Every year, thousands of people get lost in the forest and mountain areas of Switzerland, with approximately 1,000 calls annually from injured or lost hikers in the country alone. Now, a team of researchers from the University of Zurich may have found the solution to this problem with the development of new software that gives drones the ability to autonomously detect and follow forest paths. The artificial intelligence software has successfully been used to teach a small quadrocopter to search a forest on its own, which could lead to the development of drones that parallel the efforts of rescue teams searching for people in the wild.
"While drones flying at high altitudes are already being used commercially, drones cannot yet fly autonomously in complex environments, such as dense forests. In these environments, any little error may result in a crash, and robots need a powerful brain in order to make sense of the complex world around them," Davide Scaramuzza, who participated in the research, said in a press release.
In order to create a powerful brain, the team used a "deep neural network," which is a computer algorithm that can learn to solve complex tasks and problems by training and being put through example tests, effectively mirroring the process that the human brain goes through when it learns from experience. The researchers used data from hours of hiking along various trails in the Swiss Alps, including more than 20,000 images captured by a helmet camera.
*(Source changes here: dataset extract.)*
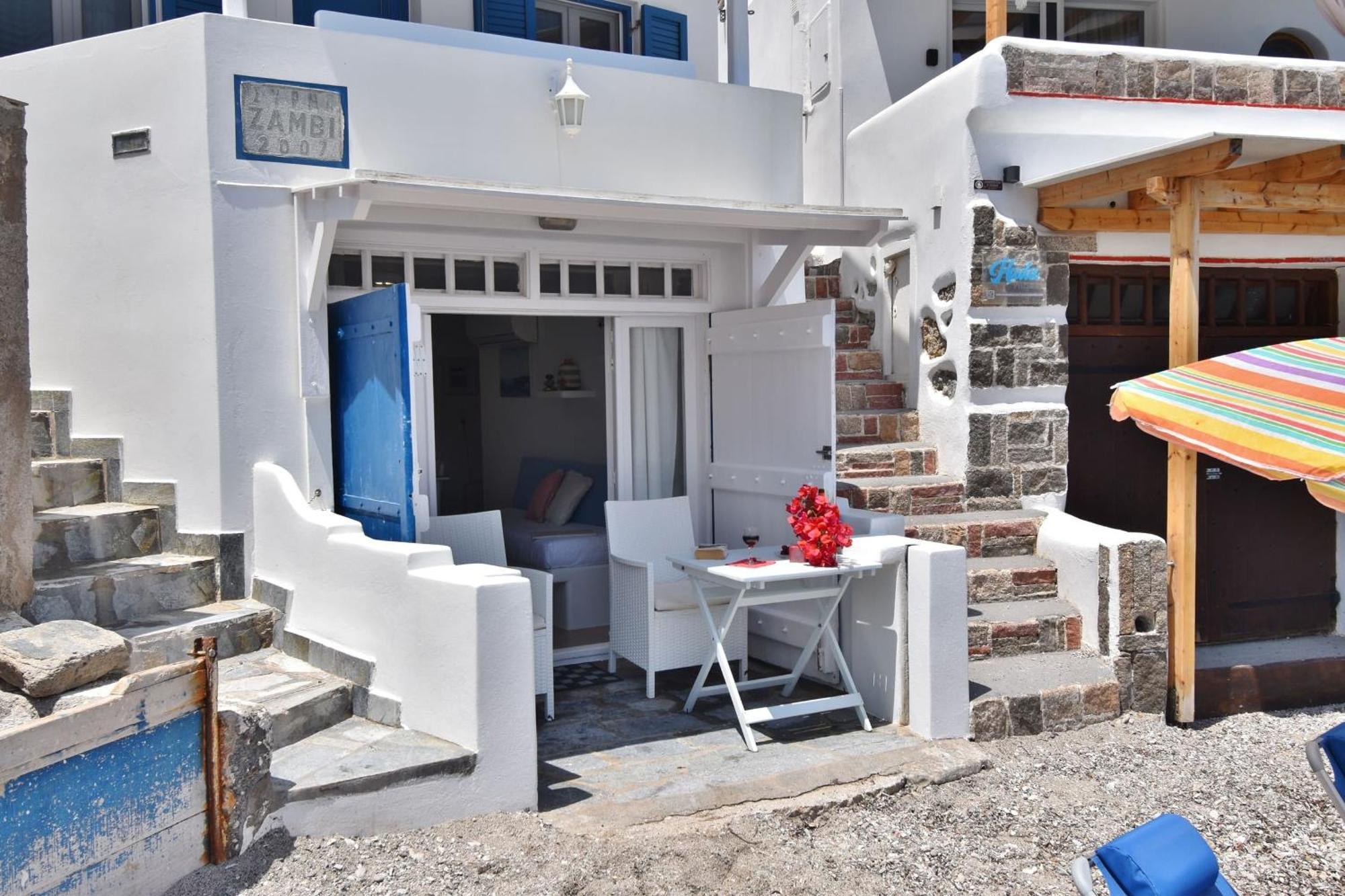 Blue Mare Apartments On The Beach Firopotamos Quarto foto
The initial results were promising: when the deep neural network was tested on a novel trail, it was able to find the correct path in 85 percent of the cases, in comparison to humans who could only do so 82 percent of the time. However, more work needs to be done on the software before robots will be prepared to autonomously scour the forests.
"Many technological issues must be overcome before the most ambitious applications can become a reality. But small flying robots are incredibly versatile, and the field is advancing at an unseen pace. One day robots will work side by side with human rescuers to make our lives safer," said Luca Gambardella, a member of the research team.
"Now that our drones have learned to recognize and follow forest trails, we must teach them to recognize humans," added Scaramuzza.
The findings were published in the Dec. 17 issue of IEEE Transactions on Control Systems Technology.